Goals & Hopes for 2017

As it is nearly the end of February and I am just now posting my hopes and goals for 2017, perhaps I should really consider adding updating my blog on a more regular basis or daresay even on a schedule to my list? If the past two months are any indication, it will be a very busy year for me.

I recently applied for a spot at the Association of Documentary Editing’s summer institute. If I get in, it will be a great opportunity for me. Historical document editing is one area I am committing to learning more about this year. Cross your fingers for me!

Next week, I will present a paper at the Missouri Valley History Conference. This is the third year I have done so. I will be discussing the life of John Christie Barr. He was a friend of our dear Captain McGarry. I have been pulling records on John hoping to find references to Captain McGarry (applying a genealogy research practice) for about a year now. Along the way I figured out that John, or Johnny as he liked to be called, also has a great story to share.

At the beginning of January I created a research plan for the entire year for my Captain McGarry project. However, I have already made so many breakthroughs that I have to completely redo that research plan. At the moment, my focus is on transcribing dozens of letters from my research trip to Montana. Once I am done with those I will draw up a new research plan.

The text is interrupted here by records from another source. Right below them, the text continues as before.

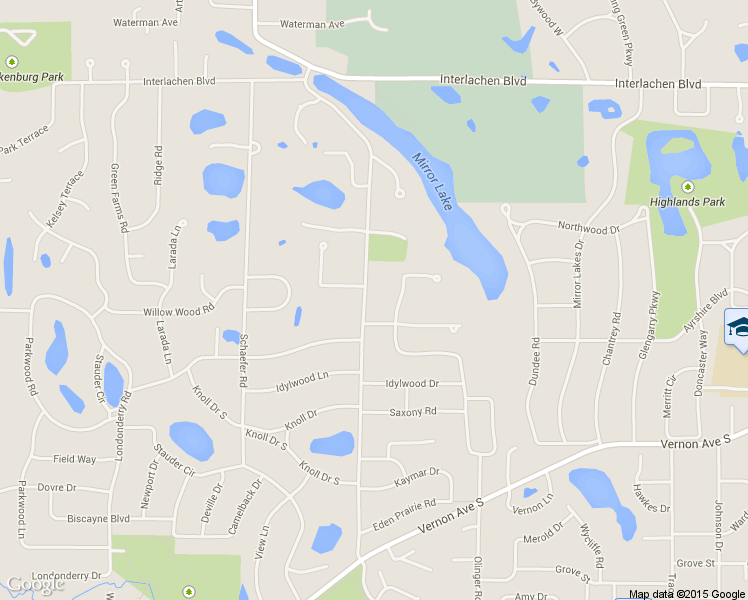 map of restaurants, bars, coffee shops, grocery stores, and more near 5315 Blake Road in Edina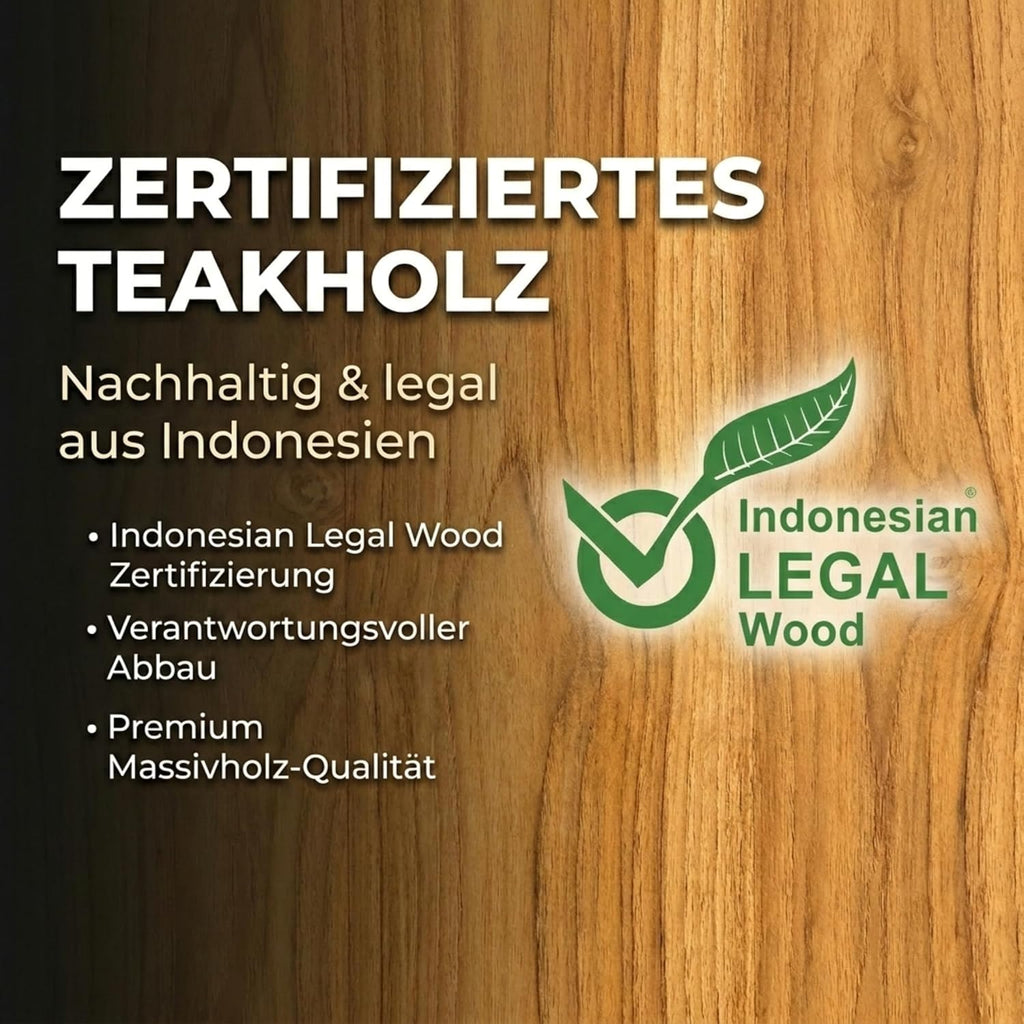Banco circular premium SAM Timo de 180 cm, banco circular de 360° para árboles de madera maciza de teca, banco de jardín resistente a la intemperie con capacidad para hasta 8 personas, banco circular de madera para jardín y terraza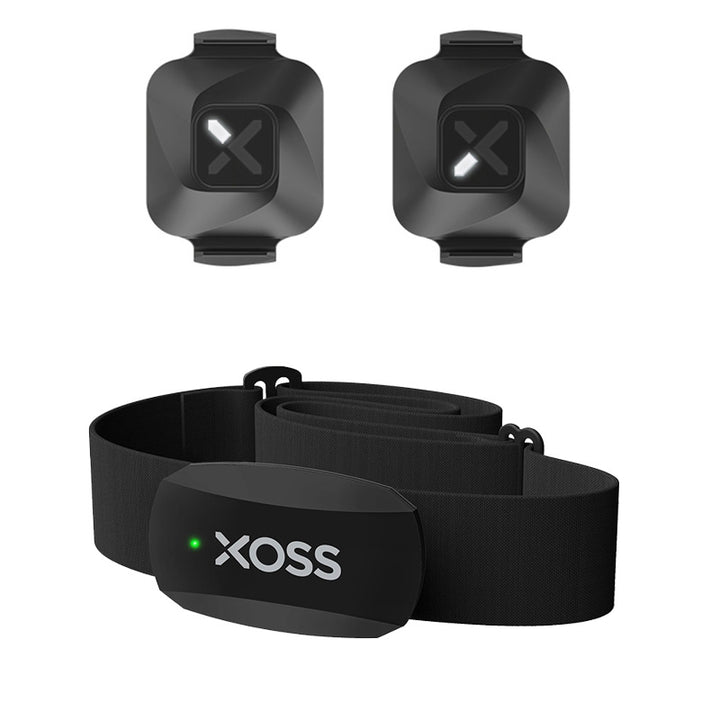 Premium Geschwindigkeits- und Trittfrequenzsensor für das Radfahren – X2 Herzfrequenzmonitor, S1 Fahrradcomputerhalterung, GPS-Kompatibilität für GARMIN, iGPSPORT, Bryton und mehr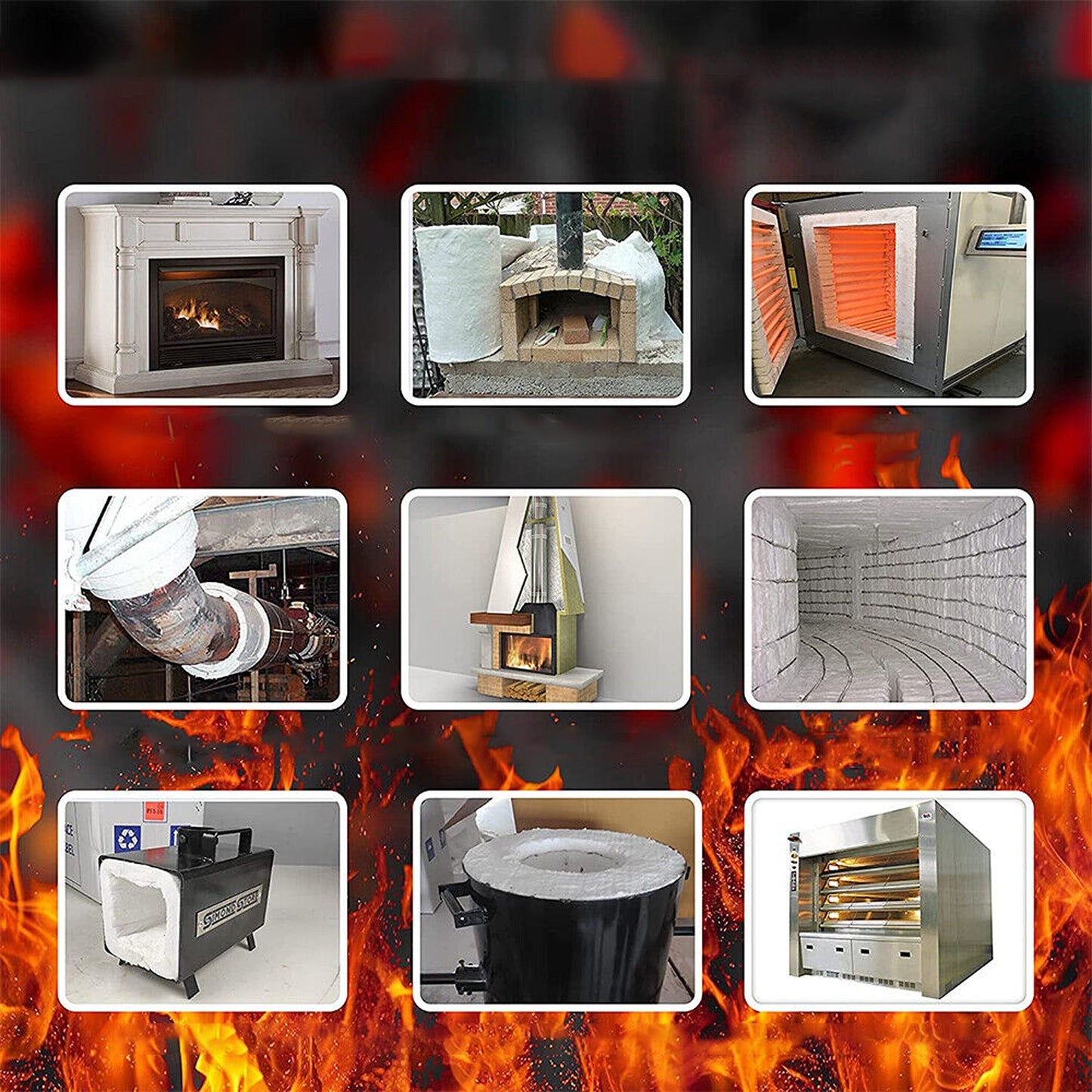 Thermal Insulation High-Temperature Fireproof Ceramic Fiber Mat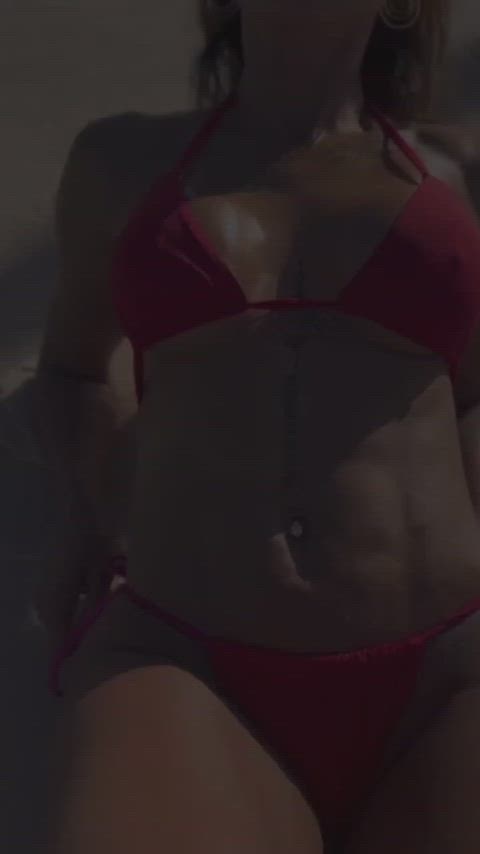 tits bikini abs gif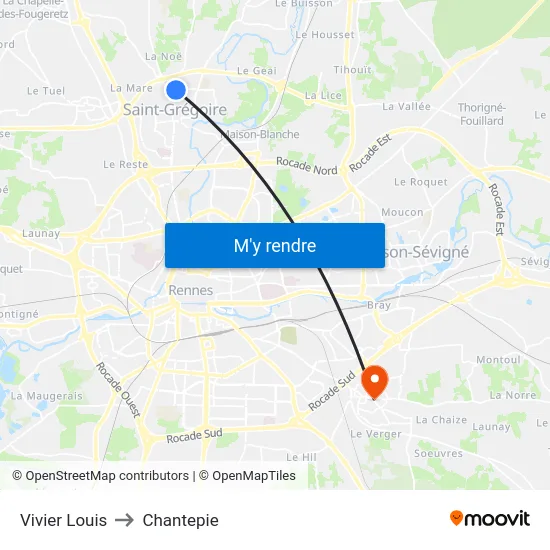 Vivier Louis to Chantepie map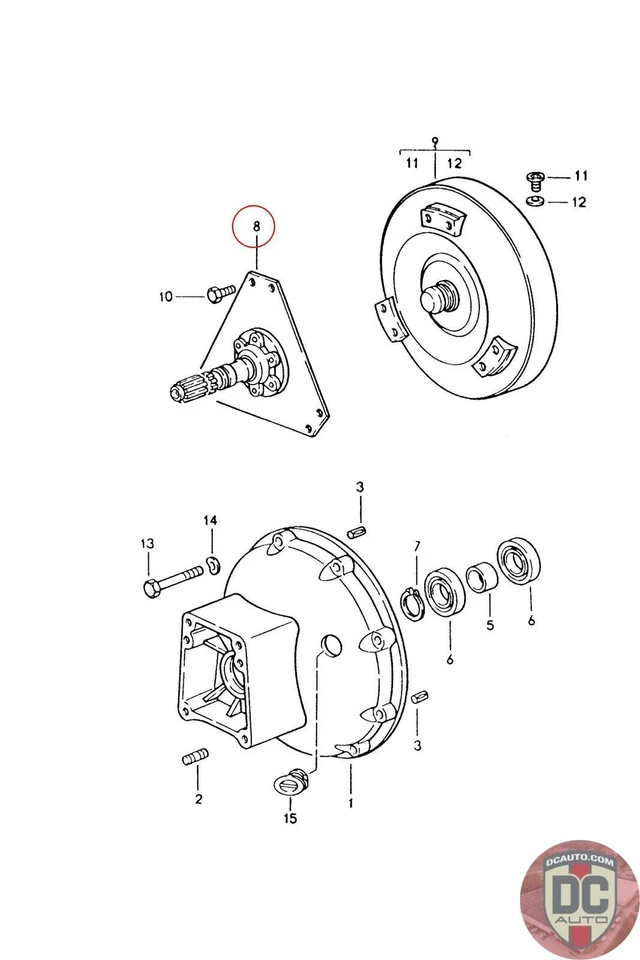 Porsche 928 1987-1995 placa de transmisión 96011604202 Foto 1 de 1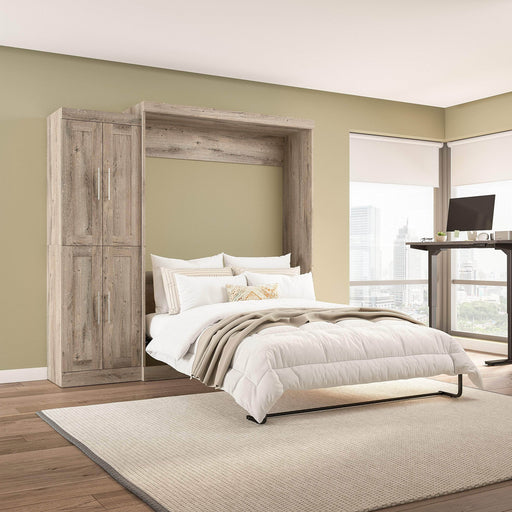 Pending - Bestar Murphy Wall Bed Pur Murphy Bed with Closet Organizer (90W) - Available in 7 Colors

That plan will include several mini research trips throughout eastern Nebraska, to Sioux City, Iowa, possibly South Dakota, and perhaps even in Missouri.  My goal is to have my Captain McGarry research wrapped up by the end of the year if not by October.

I have a couple writing projects that I am going to stay mum about for the time being. Just know writing is one of my top goals for the year.

I recently updated my bio to reflect that I am once again a member of the Association of Professional Genealogists and available as a genealogist for hire. This is something I have been contemplating for a while and the timing just feels right. Two of my other genealogy goals for this year are devoting more time to the Rogue Genealogist and my own family tree. I have somewhat neglected my family tree. Sometimes I am just plain research burned out by the time I can get to working on my family tree! I am looking forward to spending more time on genealogy and coming up with ideas to combat research burn out.

Well, I have avoided transcribing this painfully difficult to read letter for long enough- back to work!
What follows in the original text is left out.